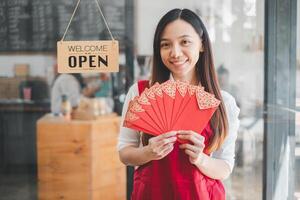 content asiatique femme entrepreneur en portant rouge enveloppes, prêt à célébrer, permanent dans de face de une accueillant ouvert signe à sa café. photo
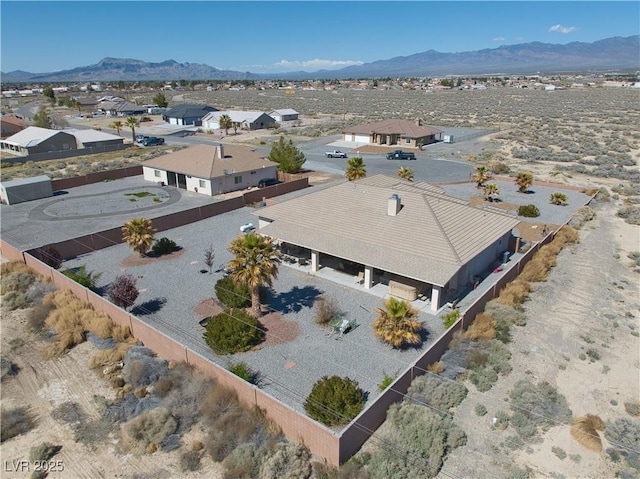 birds eye view of property featuring a mountain view and a residential view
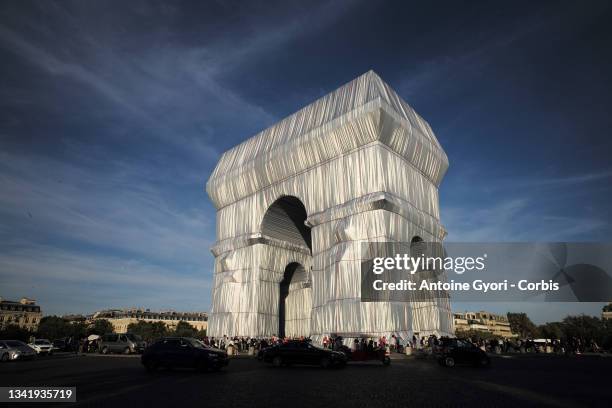 The Arc de Triomphe wrapped in a giant sheet of fabric as part of a project of late Bulgarian-born US artist Christo Javacheff is seen on September...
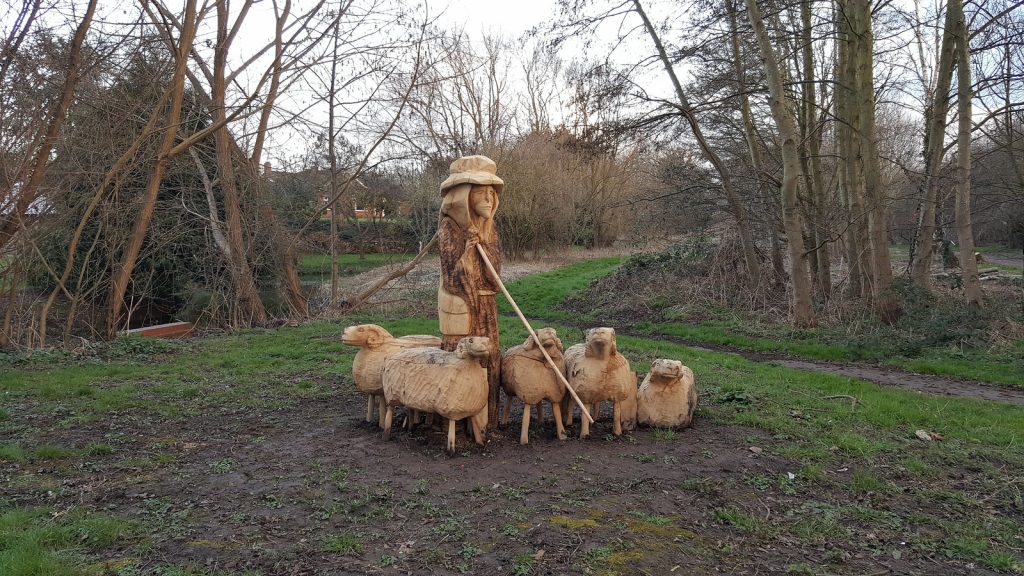 Shepherd and sheep sculpture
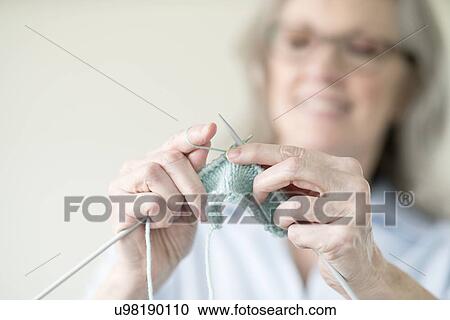 Senior woman knitting View Large Photo Image Stock Image - Senior woman knitting. Fotosearch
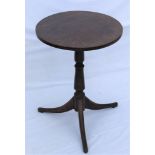 A 19TH CENTURY OAK CIRCULAR TOPPED TABLE on turned column, and three outswept legs, 68cm high,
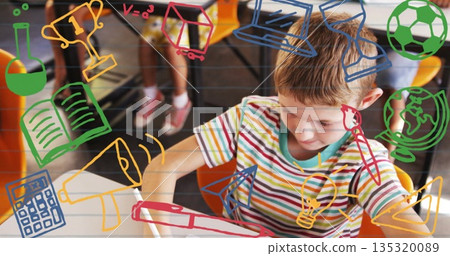 Schoolboy writing with pencil at desk in classroom, striped shirt, icons overlay, copy space Schoolboy writing with pencil at desk in classroom, striped shirt, icons overlay, copy space 135320089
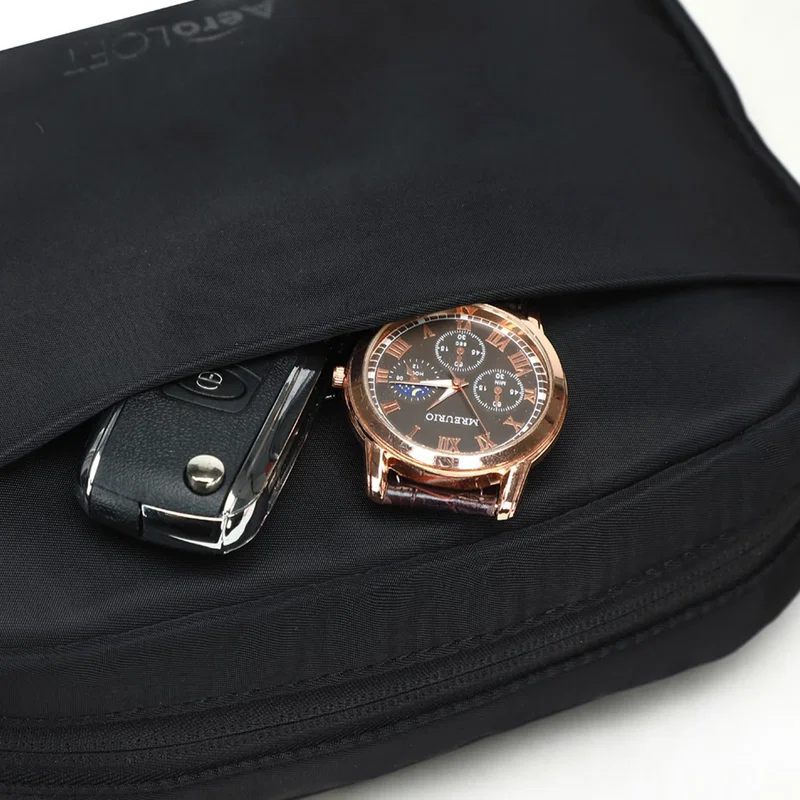 Aero LOFT Crossbody Bag interior compartments and pockets, detail view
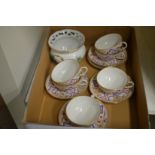 Decorative coffee cups and saucers and a Herend small bowl.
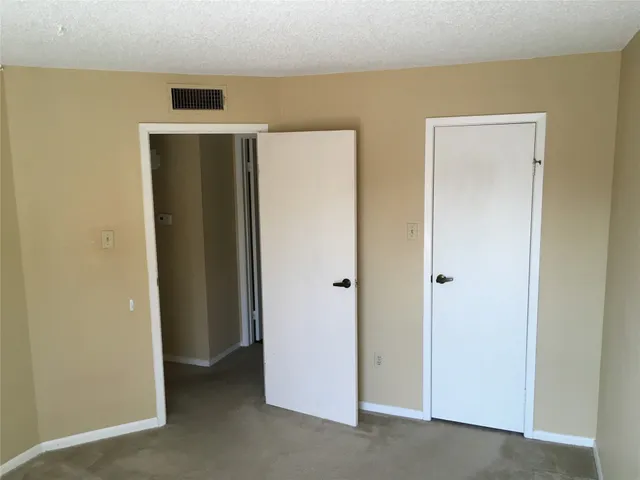 a view of an empty room with closet and wooden floor
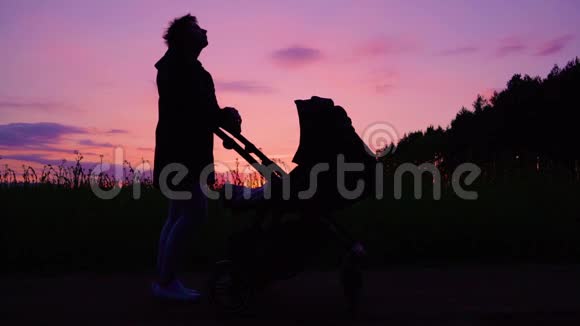 日落时分一位年轻的母亲带着婴儿车在油菜地附近散步视频的预览图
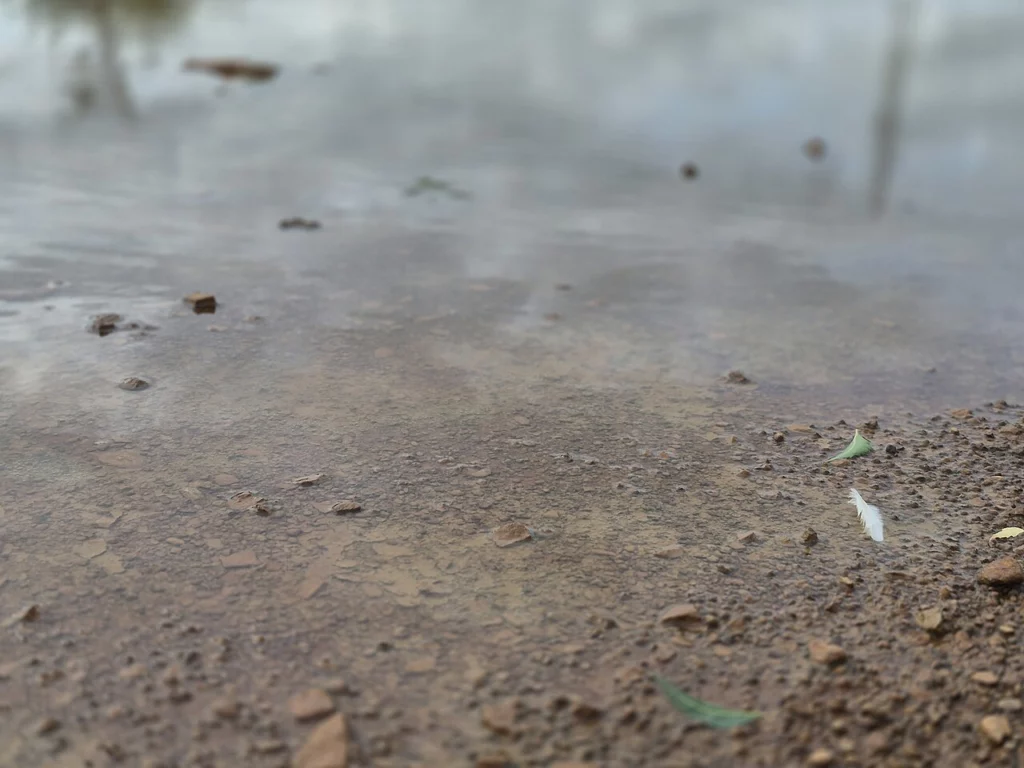 Стакан мутной воды с мелким песком на дне рядом с краном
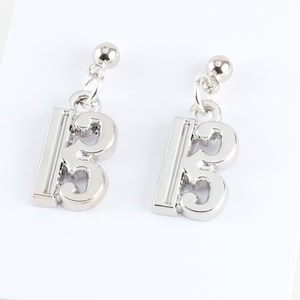 Alto clef charm earrings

+---+

:: Task ::
Give back every record above word for word; the pictures have no place in it.

:: Solution for this problem ::
 content asiatique femme entrepreneur en portant rouge enveloppes, prêt à célébrer, permanent dans de face de une accueillant ouvert signe à sa café. photo
 birds eye view of property featuring a mountain view and a residential view
 The Arc de Triomphe wrapped in a giant sheet of fabric as part of a project of late Bulgarian-born US artist Christo Javacheff is seen on September...
 Shepherd and sheep sculpture
 Senior woman knitting View Large Photo Image Stock Image - Senior woman knitting. Fotosearch
 A 19TH CENTURY OAK CIRCULAR TOPPED TABLE on turned column, and three outswept legs, 68cm high,
 Schoolboy writing with pencil at desk in classroom, striped shirt, icons overlay, copy space Schoolboy writing with pencil at desk in classroom, striped shirt, icons overlay, copy space 135320089
 Aero LOFT Crossbody Bag interior compartments and pockets, detail view
 Decorative coffee cups and saucers and a Herend small bowl.
 a view of an empty room with closet and wooden floor
 日落时分一位年轻的母亲带着婴儿车在油菜地附近散步视频的预览图
 Стакан мутной воды с мелким песком на дне рядом с краном
 Alto clef charm earrings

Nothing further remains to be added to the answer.